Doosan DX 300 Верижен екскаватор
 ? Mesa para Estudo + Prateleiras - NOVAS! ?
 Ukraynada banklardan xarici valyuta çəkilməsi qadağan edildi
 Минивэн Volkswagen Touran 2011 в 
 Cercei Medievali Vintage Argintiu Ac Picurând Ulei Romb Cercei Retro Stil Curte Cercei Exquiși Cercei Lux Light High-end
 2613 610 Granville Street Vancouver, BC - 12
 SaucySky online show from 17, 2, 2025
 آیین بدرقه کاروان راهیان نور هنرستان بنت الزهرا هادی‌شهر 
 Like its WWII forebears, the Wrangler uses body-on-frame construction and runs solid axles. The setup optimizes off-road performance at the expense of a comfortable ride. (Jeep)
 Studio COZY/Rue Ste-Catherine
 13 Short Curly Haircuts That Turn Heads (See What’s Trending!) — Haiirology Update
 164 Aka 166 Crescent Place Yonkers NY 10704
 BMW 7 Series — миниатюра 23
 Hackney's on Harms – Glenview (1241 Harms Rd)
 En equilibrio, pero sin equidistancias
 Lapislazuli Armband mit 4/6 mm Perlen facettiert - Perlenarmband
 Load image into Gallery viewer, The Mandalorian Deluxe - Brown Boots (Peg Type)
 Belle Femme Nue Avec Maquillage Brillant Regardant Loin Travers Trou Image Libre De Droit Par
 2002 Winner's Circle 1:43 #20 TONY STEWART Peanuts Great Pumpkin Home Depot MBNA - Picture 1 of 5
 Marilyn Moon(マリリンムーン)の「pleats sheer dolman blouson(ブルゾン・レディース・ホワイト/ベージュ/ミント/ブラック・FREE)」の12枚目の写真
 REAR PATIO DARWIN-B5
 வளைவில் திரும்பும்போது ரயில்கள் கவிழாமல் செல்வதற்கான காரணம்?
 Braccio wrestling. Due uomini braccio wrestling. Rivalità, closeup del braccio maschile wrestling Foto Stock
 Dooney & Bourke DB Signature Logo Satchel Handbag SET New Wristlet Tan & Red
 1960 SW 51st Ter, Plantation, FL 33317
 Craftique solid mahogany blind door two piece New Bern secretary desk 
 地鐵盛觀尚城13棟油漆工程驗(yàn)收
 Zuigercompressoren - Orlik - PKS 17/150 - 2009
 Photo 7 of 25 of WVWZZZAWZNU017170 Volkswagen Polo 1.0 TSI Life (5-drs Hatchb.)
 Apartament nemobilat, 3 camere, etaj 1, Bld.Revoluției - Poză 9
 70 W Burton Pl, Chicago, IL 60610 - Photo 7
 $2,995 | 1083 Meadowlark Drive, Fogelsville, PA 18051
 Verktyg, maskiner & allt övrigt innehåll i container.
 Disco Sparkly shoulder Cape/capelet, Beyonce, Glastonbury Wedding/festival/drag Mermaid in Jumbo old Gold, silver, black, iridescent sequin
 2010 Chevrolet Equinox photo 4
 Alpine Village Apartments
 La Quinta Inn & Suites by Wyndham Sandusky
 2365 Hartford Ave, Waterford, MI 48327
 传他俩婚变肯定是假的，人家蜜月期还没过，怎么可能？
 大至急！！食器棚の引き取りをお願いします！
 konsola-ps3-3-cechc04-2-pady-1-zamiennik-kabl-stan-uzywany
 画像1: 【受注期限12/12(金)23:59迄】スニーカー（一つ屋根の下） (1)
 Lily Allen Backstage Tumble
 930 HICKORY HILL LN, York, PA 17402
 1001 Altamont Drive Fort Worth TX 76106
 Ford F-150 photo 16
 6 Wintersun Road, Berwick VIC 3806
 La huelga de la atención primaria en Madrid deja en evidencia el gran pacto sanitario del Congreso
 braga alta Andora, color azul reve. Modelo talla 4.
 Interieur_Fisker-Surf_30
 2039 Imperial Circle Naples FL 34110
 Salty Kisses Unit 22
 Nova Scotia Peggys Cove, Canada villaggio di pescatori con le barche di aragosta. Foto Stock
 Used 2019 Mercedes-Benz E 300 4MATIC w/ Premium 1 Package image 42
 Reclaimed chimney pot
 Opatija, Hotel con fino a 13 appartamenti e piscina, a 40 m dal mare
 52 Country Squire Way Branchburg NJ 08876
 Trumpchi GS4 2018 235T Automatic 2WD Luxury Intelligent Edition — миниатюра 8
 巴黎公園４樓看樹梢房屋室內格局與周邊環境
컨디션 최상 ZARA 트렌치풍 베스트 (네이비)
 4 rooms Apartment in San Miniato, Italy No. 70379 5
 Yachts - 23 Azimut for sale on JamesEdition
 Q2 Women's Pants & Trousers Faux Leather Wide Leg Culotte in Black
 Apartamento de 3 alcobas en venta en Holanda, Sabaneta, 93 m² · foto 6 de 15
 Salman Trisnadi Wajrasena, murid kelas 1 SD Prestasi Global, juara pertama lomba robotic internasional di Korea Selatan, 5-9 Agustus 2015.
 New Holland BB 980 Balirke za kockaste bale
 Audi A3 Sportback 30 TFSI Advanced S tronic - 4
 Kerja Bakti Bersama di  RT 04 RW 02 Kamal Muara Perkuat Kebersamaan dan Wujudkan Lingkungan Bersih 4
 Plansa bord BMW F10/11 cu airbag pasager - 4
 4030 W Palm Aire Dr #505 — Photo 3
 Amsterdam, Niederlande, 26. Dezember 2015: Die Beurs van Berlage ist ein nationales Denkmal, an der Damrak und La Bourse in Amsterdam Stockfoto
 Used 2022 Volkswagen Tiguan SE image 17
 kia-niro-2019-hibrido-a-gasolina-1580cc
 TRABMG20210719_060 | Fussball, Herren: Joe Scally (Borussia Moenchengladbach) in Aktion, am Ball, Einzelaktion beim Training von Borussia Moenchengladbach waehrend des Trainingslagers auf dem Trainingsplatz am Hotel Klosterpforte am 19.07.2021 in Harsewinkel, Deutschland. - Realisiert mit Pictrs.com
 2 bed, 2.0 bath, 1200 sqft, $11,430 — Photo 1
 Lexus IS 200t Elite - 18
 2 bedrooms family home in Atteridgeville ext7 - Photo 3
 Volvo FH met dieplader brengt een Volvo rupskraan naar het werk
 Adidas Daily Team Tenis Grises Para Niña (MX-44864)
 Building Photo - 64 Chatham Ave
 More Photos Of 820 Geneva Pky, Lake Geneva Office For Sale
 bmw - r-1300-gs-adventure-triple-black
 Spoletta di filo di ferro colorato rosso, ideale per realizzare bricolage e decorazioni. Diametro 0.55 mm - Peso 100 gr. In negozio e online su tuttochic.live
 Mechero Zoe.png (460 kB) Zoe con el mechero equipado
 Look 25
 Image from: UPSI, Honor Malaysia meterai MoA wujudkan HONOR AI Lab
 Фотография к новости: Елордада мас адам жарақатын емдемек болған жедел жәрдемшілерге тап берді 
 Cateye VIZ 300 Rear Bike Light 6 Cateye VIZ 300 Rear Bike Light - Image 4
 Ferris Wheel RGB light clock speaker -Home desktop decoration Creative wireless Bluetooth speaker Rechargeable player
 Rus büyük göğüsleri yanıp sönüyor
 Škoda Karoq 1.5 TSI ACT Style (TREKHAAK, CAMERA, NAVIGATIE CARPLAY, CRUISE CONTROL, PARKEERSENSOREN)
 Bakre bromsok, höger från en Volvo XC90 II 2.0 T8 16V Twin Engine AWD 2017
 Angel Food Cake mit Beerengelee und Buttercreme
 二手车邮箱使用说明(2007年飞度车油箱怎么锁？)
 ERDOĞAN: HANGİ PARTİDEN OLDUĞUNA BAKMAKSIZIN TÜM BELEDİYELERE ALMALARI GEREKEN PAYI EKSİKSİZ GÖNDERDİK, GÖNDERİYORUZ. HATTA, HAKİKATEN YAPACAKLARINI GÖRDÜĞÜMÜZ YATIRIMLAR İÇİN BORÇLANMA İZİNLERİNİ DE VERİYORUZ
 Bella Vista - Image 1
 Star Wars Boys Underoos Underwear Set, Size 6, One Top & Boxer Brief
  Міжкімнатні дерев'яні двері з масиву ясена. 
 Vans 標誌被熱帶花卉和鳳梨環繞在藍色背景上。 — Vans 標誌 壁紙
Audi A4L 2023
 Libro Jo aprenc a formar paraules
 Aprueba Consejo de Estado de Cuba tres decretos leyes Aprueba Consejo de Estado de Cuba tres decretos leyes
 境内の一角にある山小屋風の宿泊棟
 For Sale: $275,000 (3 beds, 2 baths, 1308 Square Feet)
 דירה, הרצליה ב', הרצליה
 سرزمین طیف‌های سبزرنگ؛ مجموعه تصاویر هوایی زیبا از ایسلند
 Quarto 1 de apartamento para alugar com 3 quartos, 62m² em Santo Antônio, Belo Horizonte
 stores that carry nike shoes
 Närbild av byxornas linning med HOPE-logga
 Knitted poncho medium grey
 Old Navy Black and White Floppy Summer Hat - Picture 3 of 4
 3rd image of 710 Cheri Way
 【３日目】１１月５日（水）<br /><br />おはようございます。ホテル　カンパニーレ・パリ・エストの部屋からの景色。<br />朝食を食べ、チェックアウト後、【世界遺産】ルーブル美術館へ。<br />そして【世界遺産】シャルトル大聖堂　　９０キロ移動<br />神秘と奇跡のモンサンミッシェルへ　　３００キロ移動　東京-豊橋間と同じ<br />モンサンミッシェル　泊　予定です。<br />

» **Task requirements**: Within the data above, the span starting at the line containing "地鐵盛觀尚城13棟油漆工程驗(yàn)收" and ending at the line containing "2365 Hartford Ave, Waterford, MI 48327" is to be retyped exactly, with no other lines.

» **Result of the task**:
 地鐵盛觀尚城13棟油漆工程驗(yàn)收
 Zuigercompressoren - Orlik - PKS 17/150 - 2009
 Photo 7 of 25 of WVWZZZAWZNU017170 Volkswagen Polo 1.0 TSI Life (5-drs Hatchb.)
 Apartament nemobilat, 3 camere, etaj 1, Bld.Revoluției - Poză 9
 70 W Burton Pl, Chicago, IL 60610 - Photo 7
 $2,995 | 1083 Meadowlark Drive, Fogelsville, PA 18051
 Verktyg, maskiner & allt övrigt innehåll i container.
 Disco Sparkly shoulder Cape/capelet, Beyonce, Glastonbury Wedding/festival/drag Mermaid in Jumbo old Gold, silver, black, iridescent sequin
 2010 Chevrolet Equinox photo 4
 Alpine Village Apartments
 La Quinta Inn & Suites by Wyndham Sandusky
 2365 Hartford Ave, Waterford, MI 48327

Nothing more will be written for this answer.